Com essas afirmações, é possível identificar que Kardec faz, sem sombra de dúvidas, um contraponto do Espiritismo com as religiões mais influentes de sua época, particularmente o Cristianismo, mas não se afasta do seu conceito particular de que religião se alinha ao religare de Lactâncio. Apesar disso, traz uma perspectiva secularizada do entendimento de religião, o qual aprofundaremos mais à frente, e separa esse conceito da instituição, ao falar da constituição de “nova Igreja”. Observe-se que ele não fala em Igreja Católica ou Igreja Protestante, mas em Cristianismo (com “C” maiúsculo), englobando, segundo o nosso ponto de vista, as duas vertentes religiosas como famílias de religião, já que o mesmo foi educado em instituição protestante em Yverdon, na Suíça, no Instituto Pestalozzi, tendo sido católico de batismo. Para ele, o Espiritismo não é, pois, religião, porque o Cristianismo é “A Religião” e que tem seus fundamentos nas questões morais (religare) e não de forma exterior (relegere); e o Espiritismo, como não possui as mesmas características, não poderia ser tratado da mesma forma.
Nos textos de Kardec acima, fica então evidenciada a preocupação com consequências morais e uma desvinculação com o culto exterior e com os ritos, o que deixa bem claro o alinhamento de Kardec com o religare, e não com o relegere.
3 A PERSPECTIVA SECULARIZADA DE KARDEC SOBRE A RELIGIÃO
O Iluminismo, segundo a ótica de seus defensores, foi um conjunto de eventos que instauraram a permissão à humanidade de pensar sobre Deus, sobre o universo e tudo ao seu redor. Para os iluministas, o ser humano não mais estaria submetido às estruturas sagradas das instituições religiosas, pois elas não poderiam mais se proclamar guardiãs das verdades do mundo.
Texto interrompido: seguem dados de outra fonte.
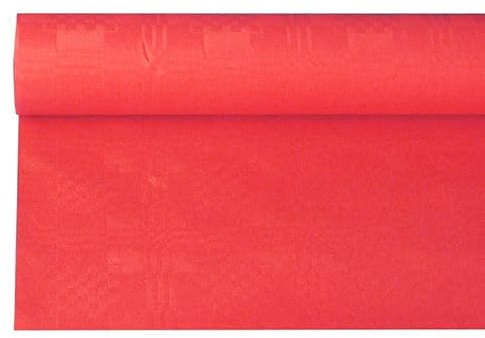 PAPSTAR Papiertischtuch mit Damastprägung 6 m x 1,2 m rot 85471 Papiertischdecke Papiertischtuch Einwegtischdecke Tischtuchpapier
Pensadores dos mais diversos matizes surgiram, desvendando realidades no campo da ciência e da cultura:
Em 1784 Kant publicou um pequeno panfleto intitulado O que é o Iluminismo? Trata-se de uma descrição do novo homem que ele julgava ver nascer. Livre da tutelagem de forças externas a ele mesmo, não mais submisso a qualquer poder heteronômico, este novo homem anuncia a sua bandeira: “Sapere aude! Ousa Saber. Tem coragem de usar sua razão”. Abre-se um mundo novo como permissão e convite. Nasce o homem livre e com coragem para conhecer e dominar tal mundo. Transformação fundamental. De santo a cientista. (ALVES, 1984, p. 67).
Alguns pensadores à luz de uma perspectiva secular, como Hegel (1770-1831), Heinrich Heine (1797-1856) e Nietzsche (1844-1900) suscitaram a morte de Deus, num mundo onde haveria a prevalência tão somente da existência do ser humano e a realidade científica à sua volta. O mundo intelectual não mais escutaria aos argumentos teológicos da existência de Deus. Ao contrário do que se acreditou por um tempo, o pensamento secularizante não matou Deus, e sim deu a possibilidade de fazer as perguntas essenciais de forma diferente:
Pode o cientista como cientista levantar a pergunta acerca de Deus? Não implicaria esta pergunta que ele já rompeu com a ortodoxia da ciência? A morte de Deus, assim, se apresenta como um silêncio túrgido de significações antropológicas e sociais. Vivemos em uma época que proibiu o mistério [...]. Porque o grande dogma do mundo que se chama científico é que a realidade é auto-explicativa e que a razão dispõe dos instrumentos para decifrar o enigma que lhe é proposto. Talvez que, ao invés de falar da morte de Deus, seria mais correto falar do “eclipse de Deus”, como Martin Buber sugere. (ALVES, 1984, p. 61).
E é nessa linha de raciocínio que vamos encontrar Kardec questionando os princípios da vida, indagando de onde viemos e para onde vamos, como todos os pensadores de sua época:
Compreendi, antes de tudo, a gravidade da exploração que ia empreender; percebi, naqueles fenômenos, a chave do problema tão obscuro e tão controvertido do passado e do futuro da Humanidade, a solução que eu procurara em toda a minha vida. Era, em suma, toda uma revolução nas idéias e nas crenças; fazia-se mister, portanto, andar com a maior circunspeção e não levianamente; ser positivista e não idealista, para não me deixar iludir. (KARDEC, 2016, p. 240, grifo nosso).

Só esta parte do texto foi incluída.